Panel Discussion: “Managing Natural Disasters in Pakistan”
November 3, 2022
The Centre for Strategic Perspectives (CSP) at the Institute of Strategic Studies Islamabad (ISSI) in collaboration with Islamabad Security Dialogue (ISD) organised a Panel Discussion titled, “Managing Natural Disasters in Pakistan” on November 3, 2022. Speakers of the event included: Mr. Idrees Mahsud, Member (Disaster Risk Reduction), National Disaster Management Authority (NDMA) Pakistan; Engr. Aamir Hasan, Secretary, National Security Division (NSD); Mr. Raja Rehan Arshad, Former Lead Disaster Risk Management Specialist, World Bank; Dr. Imran Khalid, Director, Governance and Policy, WWF; Ms. Maryam Shabbir Abbasi, Visiting Senior Research Associate, SDPI; and Mr. Ammar Rashid, Senior Researcher, Heartfile.

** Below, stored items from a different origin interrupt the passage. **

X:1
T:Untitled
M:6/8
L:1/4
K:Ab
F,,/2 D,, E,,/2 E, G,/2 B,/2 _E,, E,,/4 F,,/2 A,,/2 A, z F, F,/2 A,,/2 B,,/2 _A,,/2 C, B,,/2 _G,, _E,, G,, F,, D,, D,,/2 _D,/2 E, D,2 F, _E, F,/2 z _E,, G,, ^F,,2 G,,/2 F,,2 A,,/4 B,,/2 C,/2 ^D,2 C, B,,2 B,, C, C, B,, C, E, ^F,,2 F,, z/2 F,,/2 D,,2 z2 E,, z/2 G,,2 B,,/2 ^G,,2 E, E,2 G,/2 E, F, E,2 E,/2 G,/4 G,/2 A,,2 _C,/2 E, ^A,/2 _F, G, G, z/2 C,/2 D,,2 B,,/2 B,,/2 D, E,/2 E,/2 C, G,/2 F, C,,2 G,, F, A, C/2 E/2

In her introductory remarks Dr Neelum Nigar, Director, CSP said that the discussion is aimed at shedding light on factors leading to the occurrence of hazards and the existing challenges with regards to Pakistan’s preparedness in preventing and mitigating their impact.

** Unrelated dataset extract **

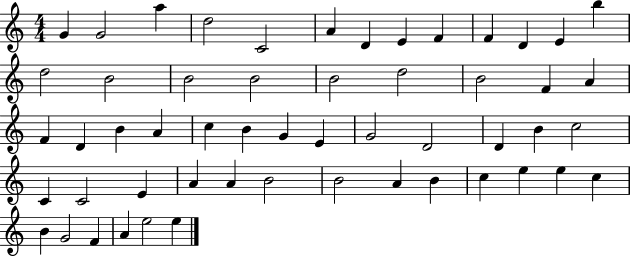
G4/q G4/h A5/q D5/h C4/h A4/q D4/q E4/q F4/q F4/q D4/q E4/q B5/q D5/h B4/h B4/h B4/h B4/h D5/h B4/h F4/q A4/q F4/q D4/q B4/q A4/q C5/q B4/q G4/q E4/q G4/h D4/h D4/q B4/q C5/h C4/q C4/h E4/q A4/q A4/q B4/h B4/h A4/q B4/q C5/q E5/q E5/q C5/q B4/q G4/h F4/q A4/q E5/h E5/q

In his welcome remarks, Ambassador Aizaz Ahmad Chaudhry, Director General, ISSI, said that Pakistan is facing unprecedented floods and whether it is a recurring phenomenon or an exceptional situation still needs to be determined. Going forward, Pakistan needs to implement the lessons learnt from previous disasters formulate and executive policies accordingly.

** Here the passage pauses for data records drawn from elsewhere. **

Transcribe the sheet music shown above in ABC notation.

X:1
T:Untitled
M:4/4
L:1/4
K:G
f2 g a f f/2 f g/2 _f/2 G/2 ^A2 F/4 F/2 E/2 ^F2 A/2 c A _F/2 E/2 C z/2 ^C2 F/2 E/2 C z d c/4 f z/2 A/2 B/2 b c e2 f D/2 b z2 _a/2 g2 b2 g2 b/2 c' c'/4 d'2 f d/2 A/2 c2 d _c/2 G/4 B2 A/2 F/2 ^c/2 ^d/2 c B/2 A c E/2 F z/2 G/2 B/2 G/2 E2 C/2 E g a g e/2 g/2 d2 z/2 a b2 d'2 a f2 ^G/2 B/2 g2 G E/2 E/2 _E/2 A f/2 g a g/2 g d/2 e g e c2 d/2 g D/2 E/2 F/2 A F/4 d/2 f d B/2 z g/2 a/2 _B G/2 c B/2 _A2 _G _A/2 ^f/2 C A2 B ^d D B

While giving his opening remarks, Mr. Aamir Hasan said that in the last decade Pakistan has faced major natural disasters in the form of floods leading to a humanitarian crisis in the country. Pakistan is facing unprecedented challenges due to climate change and the country is not prepared to deal with these challenges. The natural disaster has also increased economic challenges along with food insecurity in the country.
Mr. Mahsud, Member NDMA said that moving forward Pakistan needs to develop policies to make it more resilient to natural disasters. Disaster Management is an evolved subject and NDMA 2010 Act was an important legislation in this regard. There is a need to strengthen coordination at the provincial and district levels. He added that Pakistan has national frameworks in place but what is lacking is their implementation. Risk assessment needs to be carried out across Pakistan to determine the vulnerable areas and actions should be taken accordingly.
He further said that Pakistan policy circles are more sensitised to take actions more efficiently after learning hard lessons from the previous natural disasters. Pakistan cannot reduce its risk completely but it can prepare for mitigation and adaptation. Resolving endemic issues along with climate disaster management is also vital and for that there is a need to keep the discussion active on this topic at the national level.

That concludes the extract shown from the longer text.